Le « Projet de loi relatif aux droits et à la protection des personnes faisant l'objet de soins psychiatriques et à leurs modalités de prise en charge », dans lequel on s'aperçoit qu'il ne s'agit que de soins faisant suite à un internement, comme s'il n'y en avait pas d'autres,

Pardon, ai-je bien entendu soins sans consentement ? instaure un véritable régime de soins sans consentement. Qu'est-ce que cela signifie ? Jusqu'à présent, on peut contraindre quelqu'un à être hospitalisé si c'est nécessaire pour être correctement soigné. Si les soins lui sont bénéfiques, son consentement sera acquis. Dans ce nouveau régime conçu pour durer, au contraire, les soins seront imposés à quelqu'un qui par définition « n'est pas à même de consentir du fait de ses troubles mentaux » ce qui implique un rapport d'opposition voire de négation de la position subjective du patient. Ce régime répressif n'est rien de moins que l'annulation de tous les progrès faits en psychiatrie depuis Pinel.

À chacun d'interroger sa propre expérience clinique. Si le malade est en pleine bouffée délirante il n'est certes pas à même de consentir formellement, mais il acceptera le traitement donné avec soin. On peut s'appuyer sur l'ambivalence du schizophrène ou la sympathie du maniaque pour les soigner. Mais le psychiatre n'est pas tout-puissant. Dans le cas du malade qui a fait la preuve de sa dangerosité et qui refuse violemment tout traitement, on peut être réduit à le maintenir hors d'état de nuire sans pouvoir vraiment le soigner. Ce type de cas qui relève du fait divers ne doit pas servir de modèle pour la généralisation de soins sans consentement, ce qui ne serait qu'un simulacre de soins fait pour cacher une volonté répressive.

Lors de l'examen du projet de loi par le Sénat, Mme Muguette Dini a voulu supprimer cette terminologie, mais elle fut malheureusement désavouée dans un revirement de sa commission. Notre confrère Jean- Louis Lorrain, qui l'a remplacée comme rapporteur, n'a pas caché que cette expression le faisait bondir. Nombre de parlementaires de gauche et du centre ont été sensibilisés au message sécuritaire de la loi, grâce aux interventions du Groupe des 39, sans lesquelles la loi serait passée comme une lettre à la poste.

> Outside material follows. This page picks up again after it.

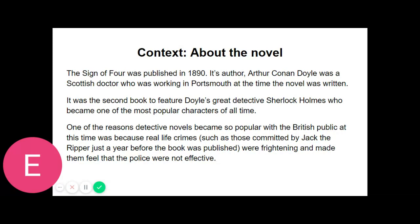"I have heard you say it is difficult for a man to have any object in daily use without leaving the impress of his individuality upon it, in such a way that a trained observer might read it. Now I have here a watch which has recently come into my possession. Would you have the kindness to let me have an opinion upon the character or habits of its late owner?" I handed him over the watch with some slight feeling of amusement in my heart, for the test was, as I thought, an impossible one, and I intended it as a lesson against the somewhat dogmatic tone which he occasionally assumed.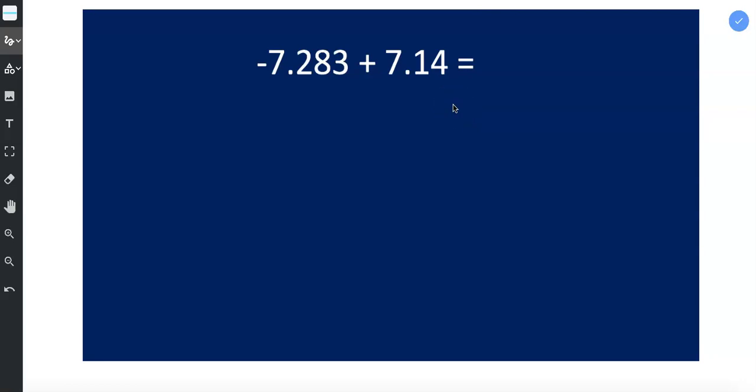In this video we're going to use our addition rules to add decimals. So first we need to think about our addition rules. Is this an example where signs are the same you add, or signs are different you subtract?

Dans un souci de clarté légaliste, ou pour appeler un chat un chat, je propose de remplacer soins sans consentement par soins psychiatriques sous contrôle administratif et judiciaire. Cela fera un tabac dans la presse. Plus personne ne voudra être soigné par un psychiatre, ce qui fera des économies à la Sécurité sociale. Les déviants de tout poil seront sommés, non pas de se soigner, mais de se faire soigner. Opération de communication sans frais pour le gouvernement, dont le public saisira mieux les orientations. Beaucoup moins cher que de multiplier les radars cachés pour retirer le permis au maximum de citoyens, lesquels pourront toujours provoquer des accidents, sécurisés de savoir qu'ils n'ont plus rien à perdre.

Ou bien, à jouer du signifiant, le gouvernement pourrait se lancer dans le surréalisme et inventer, à l'instar de Raymond Queneau, Cent mille milliards de politiques de santé.

Sinon, il ferait bien de réécrire le projet de loi, cette fois-ci avec l'aide d'un psychiatre.